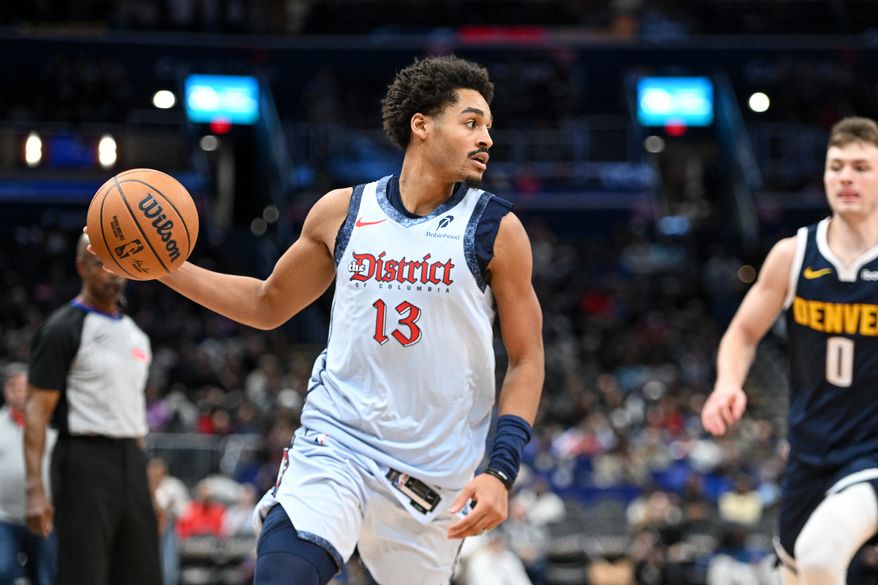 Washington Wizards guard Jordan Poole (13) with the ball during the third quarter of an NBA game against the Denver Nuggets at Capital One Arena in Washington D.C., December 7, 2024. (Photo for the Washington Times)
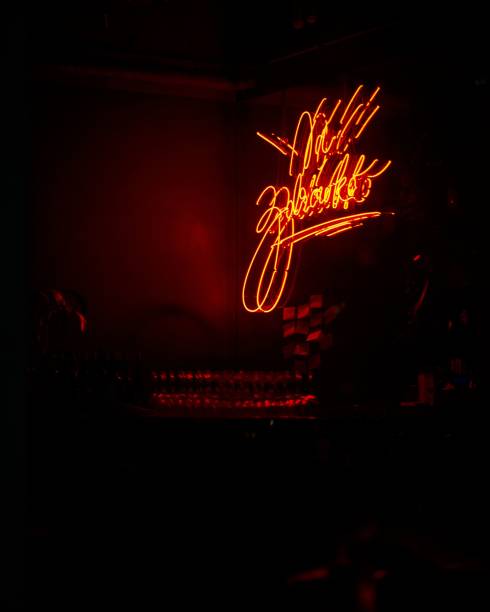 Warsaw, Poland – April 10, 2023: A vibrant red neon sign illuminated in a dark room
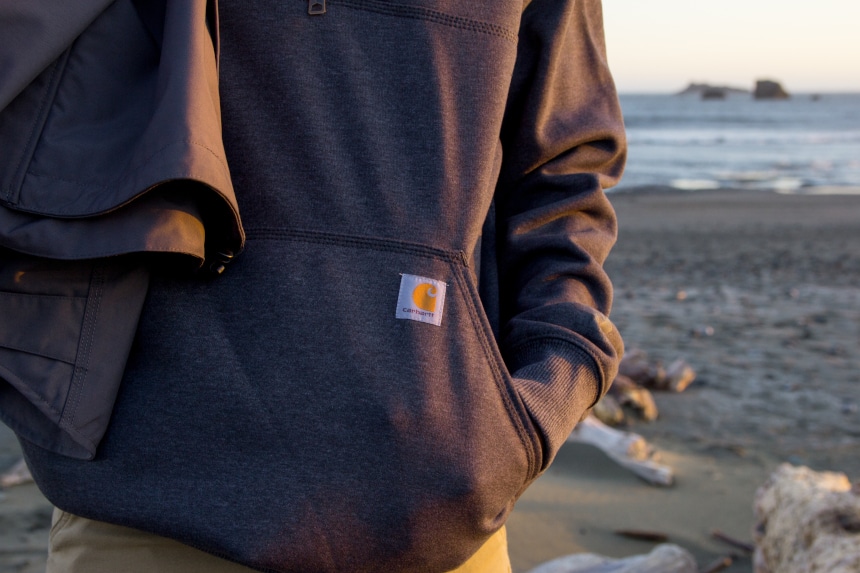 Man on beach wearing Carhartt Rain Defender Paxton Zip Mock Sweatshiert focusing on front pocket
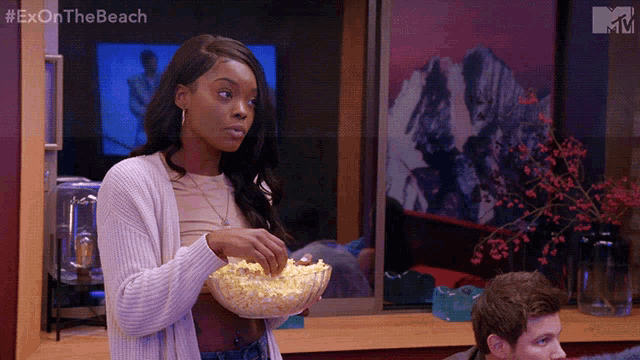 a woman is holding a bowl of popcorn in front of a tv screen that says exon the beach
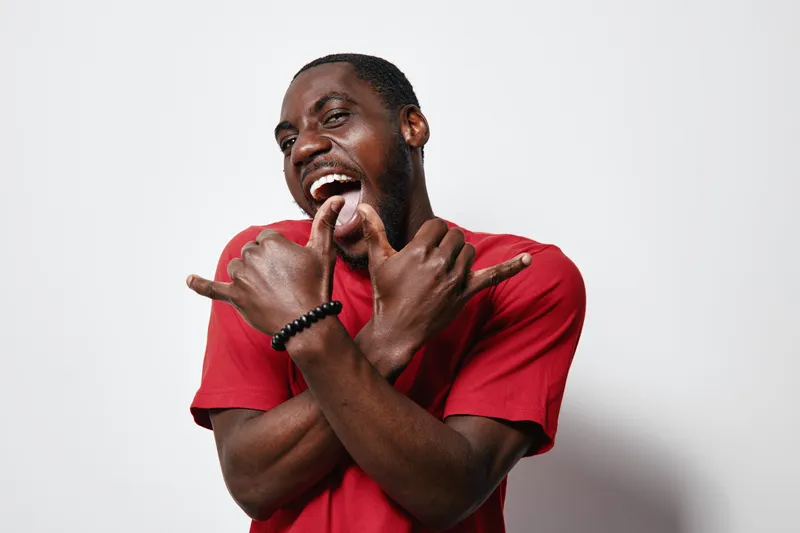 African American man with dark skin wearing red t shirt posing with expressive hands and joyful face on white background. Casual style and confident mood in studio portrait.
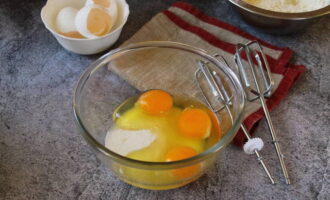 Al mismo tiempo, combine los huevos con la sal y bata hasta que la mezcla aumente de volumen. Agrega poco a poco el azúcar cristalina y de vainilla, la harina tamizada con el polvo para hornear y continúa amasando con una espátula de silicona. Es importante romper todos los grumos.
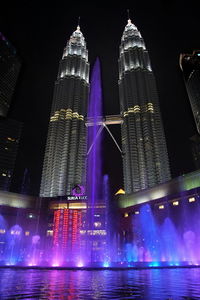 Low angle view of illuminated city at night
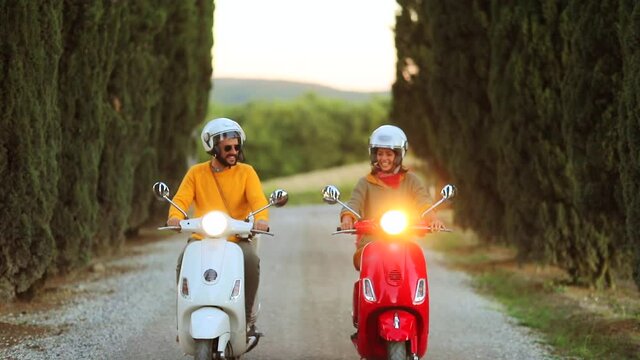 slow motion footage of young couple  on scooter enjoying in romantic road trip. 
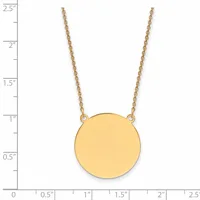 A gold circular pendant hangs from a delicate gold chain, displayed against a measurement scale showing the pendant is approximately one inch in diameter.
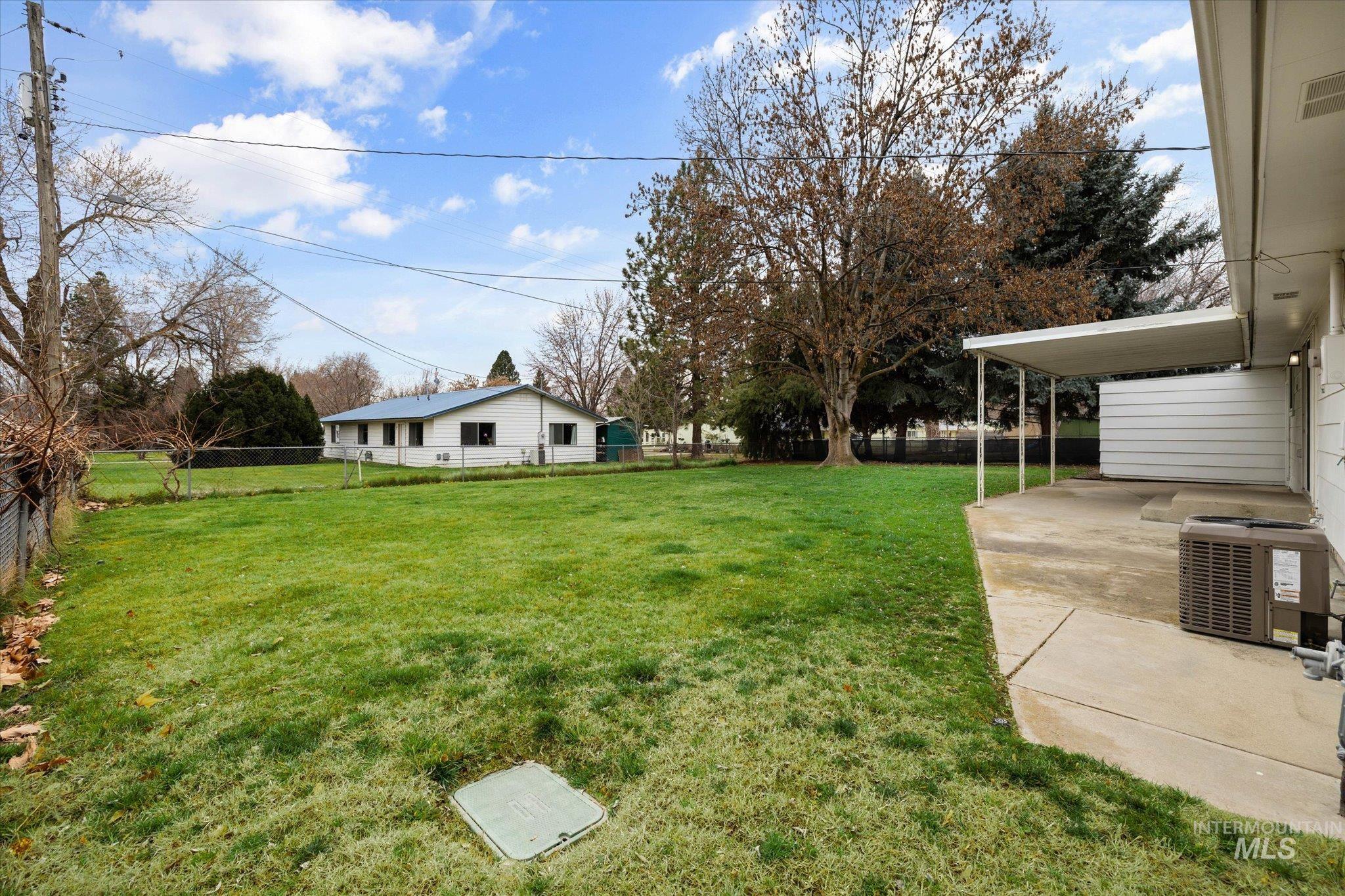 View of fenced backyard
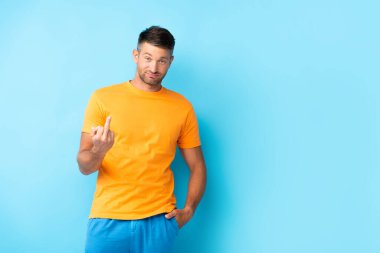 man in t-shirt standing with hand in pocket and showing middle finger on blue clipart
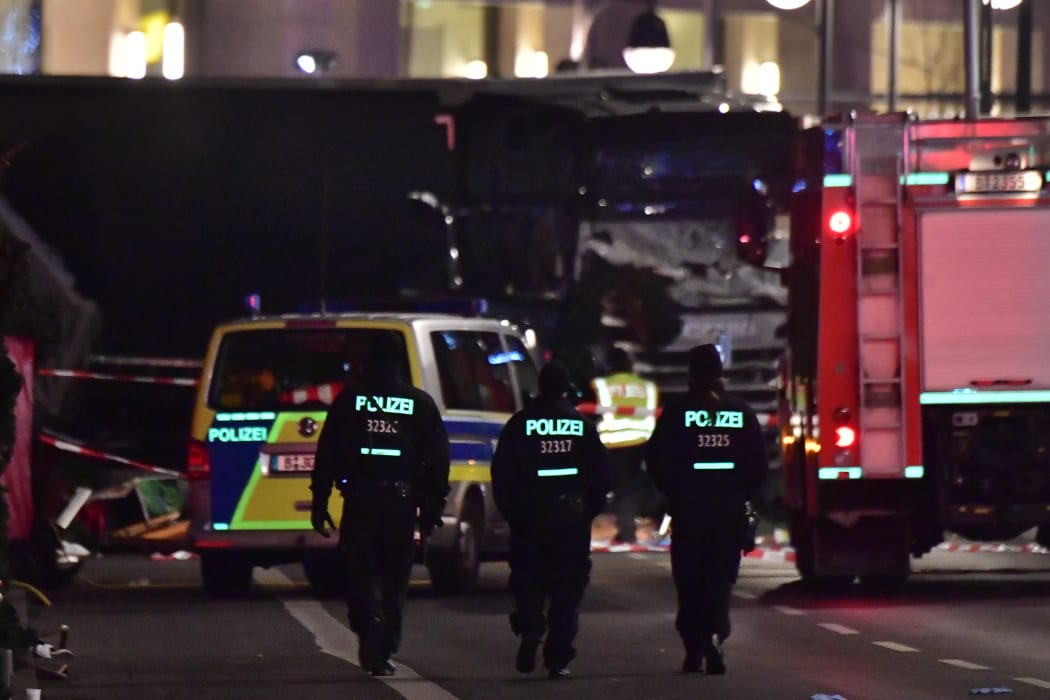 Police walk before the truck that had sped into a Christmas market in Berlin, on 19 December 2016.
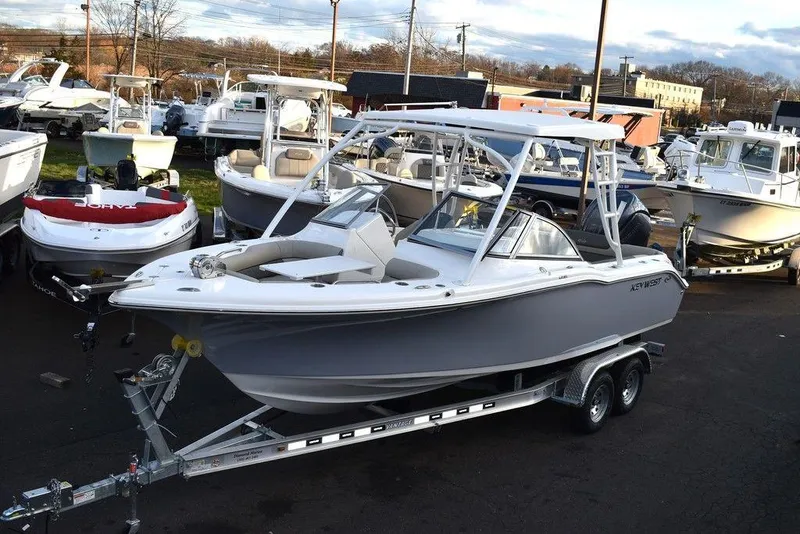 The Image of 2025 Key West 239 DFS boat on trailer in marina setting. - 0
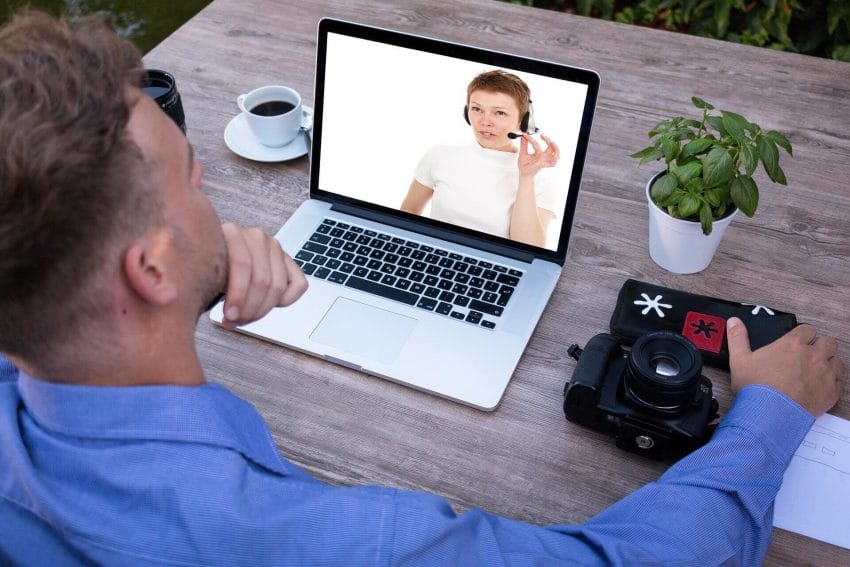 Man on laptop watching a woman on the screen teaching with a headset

•••

**Requirement:**
Transcribe the listing above verbatim. Omit the pictures.

**Answer box:**
 Washington Wizards guard Jordan Poole (13) with the ball during the third quarter of an NBA game against the Denver Nuggets at Capital One Arena in Washington D.C., December 7, 2024. (Photo for the Washington Times)
 Warsaw, Poland – April 10, 2023: A vibrant red neon sign illuminated in a dark room
 Man on beach wearing Carhartt Rain Defender Paxton Zip Mock Sweatshiert focusing on front pocket
 a woman is holding a bowl of popcorn in front of a tv screen that says exon the beach
 African American man with dark skin wearing red t shirt posing with expressive hands and joyful face on white background. Casual style and confident mood in studio portrait.
 Al mismo tiempo, combine los huevos con la sal y bata hasta que la mezcla aumente de volumen. Agrega poco a poco el azúcar cristalina y de vainilla, la harina tamizada con el polvo para hornear y continúa amasando con una espátula de silicona. Es importante romper todos los grumos.
 Low angle view of illuminated city at night
 slow motion footage of young couple  on scooter enjoying in romantic road trip. 
 A gold circular pendant hangs from a delicate gold chain, displayed against a measurement scale showing the pendant is approximately one inch in diameter.
 View of fenced backyard
 man in t-shirt standing with hand in pocket and showing middle finger on blue clipart
 Police walk before the truck that had sped into a Christmas market in Berlin, on 19 December 2016.
 The Image of 2025 Key West 239 DFS boat on trailer in marina setting. - 0
 Man on laptop watching a woman on the screen teaching with a headset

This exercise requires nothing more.